§ PROBLEM
Look below for the lines from the one with "Haikyu!! Characters Random Generator" to the one with "全城熱賣 - 適用於Fossil", and copy exactly those lines, both ends included.

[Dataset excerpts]
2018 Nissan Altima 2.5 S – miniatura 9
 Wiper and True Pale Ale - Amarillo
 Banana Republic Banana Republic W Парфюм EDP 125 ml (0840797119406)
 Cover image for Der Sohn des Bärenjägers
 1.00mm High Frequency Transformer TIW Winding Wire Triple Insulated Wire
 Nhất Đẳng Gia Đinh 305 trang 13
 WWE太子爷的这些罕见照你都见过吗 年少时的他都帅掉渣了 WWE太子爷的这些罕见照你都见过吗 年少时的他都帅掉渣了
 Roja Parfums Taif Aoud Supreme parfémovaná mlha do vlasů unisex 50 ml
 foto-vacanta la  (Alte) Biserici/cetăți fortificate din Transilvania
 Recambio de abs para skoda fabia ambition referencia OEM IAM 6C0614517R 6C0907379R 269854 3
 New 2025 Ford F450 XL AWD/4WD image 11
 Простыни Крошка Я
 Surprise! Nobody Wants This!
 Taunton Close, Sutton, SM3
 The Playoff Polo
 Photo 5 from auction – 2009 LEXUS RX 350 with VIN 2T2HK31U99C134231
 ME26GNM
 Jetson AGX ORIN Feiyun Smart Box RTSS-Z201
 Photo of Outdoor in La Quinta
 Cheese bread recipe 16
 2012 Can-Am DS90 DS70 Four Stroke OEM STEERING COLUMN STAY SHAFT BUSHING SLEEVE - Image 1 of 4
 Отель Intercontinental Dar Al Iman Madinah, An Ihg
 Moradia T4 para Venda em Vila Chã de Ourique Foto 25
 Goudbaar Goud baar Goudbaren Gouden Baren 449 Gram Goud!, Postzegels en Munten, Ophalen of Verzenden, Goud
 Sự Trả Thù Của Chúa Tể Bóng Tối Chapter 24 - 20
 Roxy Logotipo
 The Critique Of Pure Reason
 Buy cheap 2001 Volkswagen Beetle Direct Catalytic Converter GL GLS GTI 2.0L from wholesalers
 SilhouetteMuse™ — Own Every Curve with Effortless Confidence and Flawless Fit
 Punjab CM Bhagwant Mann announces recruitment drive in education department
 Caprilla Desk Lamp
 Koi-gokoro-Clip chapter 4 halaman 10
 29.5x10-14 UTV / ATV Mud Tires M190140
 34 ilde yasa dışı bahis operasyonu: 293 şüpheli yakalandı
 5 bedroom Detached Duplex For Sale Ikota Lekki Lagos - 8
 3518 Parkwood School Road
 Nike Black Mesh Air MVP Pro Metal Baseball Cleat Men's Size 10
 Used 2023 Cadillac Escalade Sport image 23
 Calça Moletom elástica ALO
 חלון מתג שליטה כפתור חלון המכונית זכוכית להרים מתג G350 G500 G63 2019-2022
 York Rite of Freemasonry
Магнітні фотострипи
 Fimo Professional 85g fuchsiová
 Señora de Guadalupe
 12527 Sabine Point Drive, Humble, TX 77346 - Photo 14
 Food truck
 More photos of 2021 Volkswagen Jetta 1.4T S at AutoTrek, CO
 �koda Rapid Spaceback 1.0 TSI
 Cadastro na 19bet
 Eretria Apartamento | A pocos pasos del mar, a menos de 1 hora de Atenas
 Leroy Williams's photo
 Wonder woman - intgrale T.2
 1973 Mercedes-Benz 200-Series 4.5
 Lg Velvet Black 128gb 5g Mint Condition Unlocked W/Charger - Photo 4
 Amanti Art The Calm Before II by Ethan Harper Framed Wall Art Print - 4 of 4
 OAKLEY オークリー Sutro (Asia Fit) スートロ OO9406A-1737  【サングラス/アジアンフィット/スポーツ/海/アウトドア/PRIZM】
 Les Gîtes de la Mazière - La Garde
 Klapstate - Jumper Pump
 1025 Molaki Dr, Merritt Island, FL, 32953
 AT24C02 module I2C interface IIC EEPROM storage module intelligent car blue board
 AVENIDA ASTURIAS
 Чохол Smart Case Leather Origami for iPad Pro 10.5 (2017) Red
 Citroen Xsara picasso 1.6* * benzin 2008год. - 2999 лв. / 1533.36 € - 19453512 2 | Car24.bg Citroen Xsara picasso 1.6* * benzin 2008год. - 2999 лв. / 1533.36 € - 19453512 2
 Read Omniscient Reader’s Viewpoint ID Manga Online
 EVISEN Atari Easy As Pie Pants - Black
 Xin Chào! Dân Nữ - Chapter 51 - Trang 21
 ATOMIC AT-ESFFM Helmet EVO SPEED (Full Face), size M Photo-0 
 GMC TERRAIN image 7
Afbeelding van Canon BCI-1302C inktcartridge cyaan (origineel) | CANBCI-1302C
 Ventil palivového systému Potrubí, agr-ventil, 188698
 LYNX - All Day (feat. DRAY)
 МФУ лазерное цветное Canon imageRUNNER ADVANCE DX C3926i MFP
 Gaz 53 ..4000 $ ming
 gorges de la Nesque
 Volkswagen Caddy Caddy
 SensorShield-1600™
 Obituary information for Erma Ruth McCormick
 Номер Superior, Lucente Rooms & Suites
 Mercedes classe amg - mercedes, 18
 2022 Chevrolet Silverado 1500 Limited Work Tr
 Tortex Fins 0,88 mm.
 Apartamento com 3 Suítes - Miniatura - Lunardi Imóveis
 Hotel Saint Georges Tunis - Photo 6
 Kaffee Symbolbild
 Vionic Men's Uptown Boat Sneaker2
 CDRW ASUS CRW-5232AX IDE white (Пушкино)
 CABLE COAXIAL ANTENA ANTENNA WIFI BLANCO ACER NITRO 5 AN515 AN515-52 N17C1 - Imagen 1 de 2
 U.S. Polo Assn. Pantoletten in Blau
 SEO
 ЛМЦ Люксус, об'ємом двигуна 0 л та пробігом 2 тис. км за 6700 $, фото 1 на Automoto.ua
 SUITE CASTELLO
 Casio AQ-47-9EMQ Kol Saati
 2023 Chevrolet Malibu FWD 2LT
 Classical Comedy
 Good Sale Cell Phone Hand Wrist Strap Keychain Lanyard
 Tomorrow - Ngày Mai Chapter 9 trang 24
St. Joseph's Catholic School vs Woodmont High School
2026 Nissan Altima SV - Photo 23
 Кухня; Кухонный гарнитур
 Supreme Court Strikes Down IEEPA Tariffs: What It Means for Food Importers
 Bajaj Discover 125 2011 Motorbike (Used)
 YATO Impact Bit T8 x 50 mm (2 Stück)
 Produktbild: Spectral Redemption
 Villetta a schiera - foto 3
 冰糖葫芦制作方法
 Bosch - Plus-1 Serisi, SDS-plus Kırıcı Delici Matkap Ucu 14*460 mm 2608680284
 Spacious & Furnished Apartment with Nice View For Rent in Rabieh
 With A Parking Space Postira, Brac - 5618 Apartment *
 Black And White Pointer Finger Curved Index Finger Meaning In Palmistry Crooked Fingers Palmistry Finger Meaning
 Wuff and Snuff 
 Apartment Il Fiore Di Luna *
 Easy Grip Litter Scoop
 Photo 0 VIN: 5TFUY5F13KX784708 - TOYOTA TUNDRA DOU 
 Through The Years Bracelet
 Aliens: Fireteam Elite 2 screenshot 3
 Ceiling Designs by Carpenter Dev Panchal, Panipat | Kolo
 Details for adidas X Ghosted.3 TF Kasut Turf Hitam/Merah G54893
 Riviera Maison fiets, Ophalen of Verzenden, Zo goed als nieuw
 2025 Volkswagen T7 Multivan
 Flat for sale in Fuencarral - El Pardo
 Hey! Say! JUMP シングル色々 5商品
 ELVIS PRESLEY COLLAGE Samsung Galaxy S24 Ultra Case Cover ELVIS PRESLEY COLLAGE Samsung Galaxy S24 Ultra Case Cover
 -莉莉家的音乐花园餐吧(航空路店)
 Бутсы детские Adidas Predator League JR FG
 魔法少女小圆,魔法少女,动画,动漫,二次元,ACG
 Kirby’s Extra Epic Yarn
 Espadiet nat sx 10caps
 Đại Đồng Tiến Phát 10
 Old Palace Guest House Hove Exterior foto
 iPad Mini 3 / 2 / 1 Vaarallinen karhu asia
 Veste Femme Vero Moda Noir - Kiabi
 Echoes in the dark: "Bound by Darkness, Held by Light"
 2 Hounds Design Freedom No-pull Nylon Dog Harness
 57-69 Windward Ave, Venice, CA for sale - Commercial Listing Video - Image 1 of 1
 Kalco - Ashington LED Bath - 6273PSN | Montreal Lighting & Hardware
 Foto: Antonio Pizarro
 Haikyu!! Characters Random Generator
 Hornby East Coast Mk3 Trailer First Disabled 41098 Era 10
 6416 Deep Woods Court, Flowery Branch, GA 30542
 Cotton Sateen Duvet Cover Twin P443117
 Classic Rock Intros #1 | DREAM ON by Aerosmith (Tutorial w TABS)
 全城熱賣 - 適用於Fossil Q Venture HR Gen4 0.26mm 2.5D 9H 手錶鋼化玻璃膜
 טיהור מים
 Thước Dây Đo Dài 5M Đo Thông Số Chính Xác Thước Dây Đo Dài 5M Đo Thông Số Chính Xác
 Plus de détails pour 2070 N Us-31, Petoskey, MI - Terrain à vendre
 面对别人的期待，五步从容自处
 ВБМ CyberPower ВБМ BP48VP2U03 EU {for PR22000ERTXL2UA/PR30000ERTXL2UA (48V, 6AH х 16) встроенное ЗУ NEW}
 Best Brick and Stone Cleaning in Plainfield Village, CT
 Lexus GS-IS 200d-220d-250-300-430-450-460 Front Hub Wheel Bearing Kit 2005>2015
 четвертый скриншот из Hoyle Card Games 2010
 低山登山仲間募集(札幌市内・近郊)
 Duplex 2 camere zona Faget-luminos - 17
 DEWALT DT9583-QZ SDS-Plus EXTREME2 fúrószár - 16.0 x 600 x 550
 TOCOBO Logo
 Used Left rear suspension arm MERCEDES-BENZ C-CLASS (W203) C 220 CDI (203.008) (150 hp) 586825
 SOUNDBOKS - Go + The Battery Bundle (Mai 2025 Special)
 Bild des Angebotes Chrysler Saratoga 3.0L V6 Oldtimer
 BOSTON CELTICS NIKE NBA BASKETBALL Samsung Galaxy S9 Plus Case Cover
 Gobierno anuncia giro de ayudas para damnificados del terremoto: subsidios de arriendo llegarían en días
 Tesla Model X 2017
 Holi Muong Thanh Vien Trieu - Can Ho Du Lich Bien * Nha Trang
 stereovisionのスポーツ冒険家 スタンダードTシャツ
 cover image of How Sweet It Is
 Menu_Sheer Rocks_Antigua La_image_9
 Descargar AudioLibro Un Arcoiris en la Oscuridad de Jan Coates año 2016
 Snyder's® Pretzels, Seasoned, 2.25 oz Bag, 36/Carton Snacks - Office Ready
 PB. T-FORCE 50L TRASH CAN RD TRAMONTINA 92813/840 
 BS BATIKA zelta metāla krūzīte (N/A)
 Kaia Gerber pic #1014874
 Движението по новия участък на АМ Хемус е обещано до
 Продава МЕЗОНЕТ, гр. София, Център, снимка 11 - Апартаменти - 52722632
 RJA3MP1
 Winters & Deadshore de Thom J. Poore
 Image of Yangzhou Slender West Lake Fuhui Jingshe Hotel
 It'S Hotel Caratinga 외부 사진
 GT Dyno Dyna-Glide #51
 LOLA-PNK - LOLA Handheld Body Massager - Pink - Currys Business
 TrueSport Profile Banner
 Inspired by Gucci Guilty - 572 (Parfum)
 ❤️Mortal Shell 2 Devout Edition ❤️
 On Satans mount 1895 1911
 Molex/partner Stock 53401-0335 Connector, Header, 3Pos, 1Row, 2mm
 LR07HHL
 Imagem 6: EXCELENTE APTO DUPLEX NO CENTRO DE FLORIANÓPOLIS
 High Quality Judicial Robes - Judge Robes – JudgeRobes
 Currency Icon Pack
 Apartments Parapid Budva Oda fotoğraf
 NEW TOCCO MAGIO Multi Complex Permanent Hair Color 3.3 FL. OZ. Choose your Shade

§ ANSWER AREA
 Haikyu!! Characters Random Generator
 Hornby East Coast Mk3 Trailer First Disabled 41098 Era 10
 6416 Deep Woods Court, Flowery Branch, GA 30542
 Cotton Sateen Duvet Cover Twin P443117
 Classic Rock Intros #1 | DREAM ON by Aerosmith (Tutorial w TABS)
 全城熱賣 - 適用於Fossil Q Venture HR Gen4 0.26mm 2.5D 9H 手錶鋼化玻璃膜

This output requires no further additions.